Author: Matt Commins
My heart was sinking as I was listening to the last and final episode of the Up and In Podcast when my phone rang. (This was [sigh, it pains me to use the past tense] the best baseball podcast). A friend of mine, who recently joined a new company wanted to discuss the viability of restructuring their paid search account and the best way to accomplish that. Restructuring an account consists of a large scale rearrangement of keywords and placing them into new ad groups. We spoke about the pros and cons and my friend decided to go forth with restructuring based on the best practices I will shortly outline.
Performing a restructure is a time consuming, tedious and meticulous task. Deciding to go down this path requires, depending on the size of the account at least 100 hours of work. If performed properly the long term benefits can be enormous. The account will be more efficient and most importantly, easily adaptable to accomplish the widest variety of goals. However, like with most things in life, there will be short term losses manifested as increased cost per clicks (CPCs) and costs. By following my best practices you can mitigate the short term losses.
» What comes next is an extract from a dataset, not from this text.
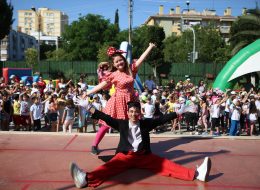 Karşıyaka Okul Şenliği Organizasyonu karsiyaka okul senligi organizasyonu 4 İzmir Organizasyon Karşıyaka okul şenliği organizasyonu ile İzmir Organizasyon şirketimiz, Şehit Astsubay Hilmi Öz İlkokulunda eğlenceli bir güne imza attı. Yıllardır festival ve şenlik organizasyonu, piknik organizasyonu, doğum günü organizasyonu ve organizasyon sektörünün inceliklerini öğrenmiş, deneyimli ve profesyonel ekibiyle İzmir başta olmak üzere, Ege Bölgesi ve Türkiye'nin tüm noktalarına ulaşan İzmir Organizasyon firmamız bir kez daha unutulmayacak anlar yaşattı. Okulda gerçekleştirmeyi planladıkları şenlik organizasyonu için İzmir Organizasyon şirketimize ulaşan okul aile birliği üyeleri ile yüz yüze yaptığımız görüşmelerde çocukların yaş aralıklarını, kaç katılımcı olacağını ve mekanı keşfettik. Buna istinaden de görüşmelerimiz bir süre devam etti. Okulun bahçesinde düzenlemeyi planladığımız şenlik organizasyonu için, çocukların keyifle oynayacakları şişme oyun parkurları, doyası eğlenecekleri ve dans edecekleri animasyon ekibi, nostaljik satıcılar standları ve ekipmanlarımızla hizmet verecektik. Uzun süren görüşmelerin ardından yapılacak organizasyonun detaylarını belirleyerek çalışmalarımıza başladık. Karşıyaka okul şenliği organizasyonu için organizasyon gününden önce şişme oyun parkurlarımızın kontrollerini tamamladık. Animasyon ekibimizi belirledik ve ekipmanlarımızın hazırlıklarını yaptık. Animasyon Ekibi Kiralama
When a marketer is given the keys to an existing paid search account the first inclination is to say the account is bereft of best practices; the ad copy isn’t optimized, specific match types are underrepresented, keywords are in incorrect ad groups, and the list goes on. It’s human nature to be overly critical of something new we’re potentially going to be spending a great deal of time with. We do this a lot on first dates when we hold people up standards we do not come close to living up to.
After reviewing the account certitude takes over and the conclusion is to tear down the account and rebuild it. It’s natural to have this feeling. If given the chance, everyone wants to live in a structure constructed to suit their own personal tastes. However, tearing something down and building something new can bring about more trouble than expected. It is impossible to provide one size fits all recommendations because every account is unique and has its own challenges. However, I will cover the most common strategies to employ when restructuring a paid search account. Enough shenanigans, let’s get the ball rolling.
Brief Description of Quality Score
Every keyword and its ad have a symbiotic relationship. The strength of that relationship is reflected numerically on a one to 10 scale with 10 representing the strongest relationship. The term for this relationship is called quality score.
Indulge me for moment and think of quality score as the tether (bond) between the paid search account and the search engine. I’ll call the search engine Google. The stronger the tether, the higher the quality score Google will assign. The Google AdWords algorithm not only prefers, but loves remnant tethers rather than new ones. This is contradictory to the “always be testing” motto Google has been saying for years.
Expected click through rates (CTRs) is the most important variable in the quality score calculation. If you take a step backwards you’ll notice this makes perfect sense. Google wants to provide the best user experience possible. And how is the best user experience reflected statistically? Click through rates. If Google expects a specific CTR, they’re going to give the remnant ad more priority and charge new advertisers a higher CPC. This is why the barrier to entry into paid search can be so difficult. It’s important to note this does not apply to Bing. Bing’s algorithm does not negatively impact new ads.
Restructuring Best Practices
When restructuring an account you’re essentially wiping away all of the history (removing the tether) of the keyword and expected history Google relies on. Without any history the quality scores are going to decrease. This brings me to the first best practice: never move exact match keywords, especially branded keywords. The CTR of the exact match version of a keyword is used when calculating quality score for every subsequent match type of that particular keyword. Therefore, maintaining the tether of the exact match keyword will help reduce the impact of the restructure.
When moving keywords the migration of the existing ads, even if they are not written with best practices is critical. The reason for doing this is to try to achieve the same CTR the keyword once had. You’re probably thinking I’m contradicting myself because I just said the exact match version of a keyword determines the quality score. Yes and no. There are many variables that go into the quality score calculation. The CTR an ad receives is another metric that is fed into the quality score algorithm. By using the same ad the CTR should be the same before the restructure. Creating new ads should also be written. Depending on the amount of expected traffic I recommend creating 1-3 new ads for every ad group. Try to make the ads reflect the ad group theme as closely as possible. Over time the new ads should have a higher CTR, which should improve the quality score, lower CPCs and drive more conversions.
Do a slow rollout. Suppose ten campaigns need to be restructured. I suggest doing one campaign per 3-4 weeks. This will allow the account to slowly adjust to the increased costs and minimize the impact of the increased CPCs. Suppose an entire account was restructured and went live on the same day; Google’s algorithm is going to freak out. Not to the level of my Mother at Journey concert but close enough. Under this scenario the entire account will encounter a substantial increase in CPCs which will increase your conversion metrics and lower the overall margin. When your boss or client sees this at the end of the month you will most likely lose your credibility and will have to continually prove you know what you’re doing. I’ve been in situations like that before and those are situations you do not want to be a part of.
To conclude, it will take time to recapture the quality score after an account is restructured. It takes roughly 10,000 clicks before an account has regained its quality score. If the restructure is done correctly, the account will be more efficient, easily scalable and more agile allowing for easy modifications to accomplish any goal.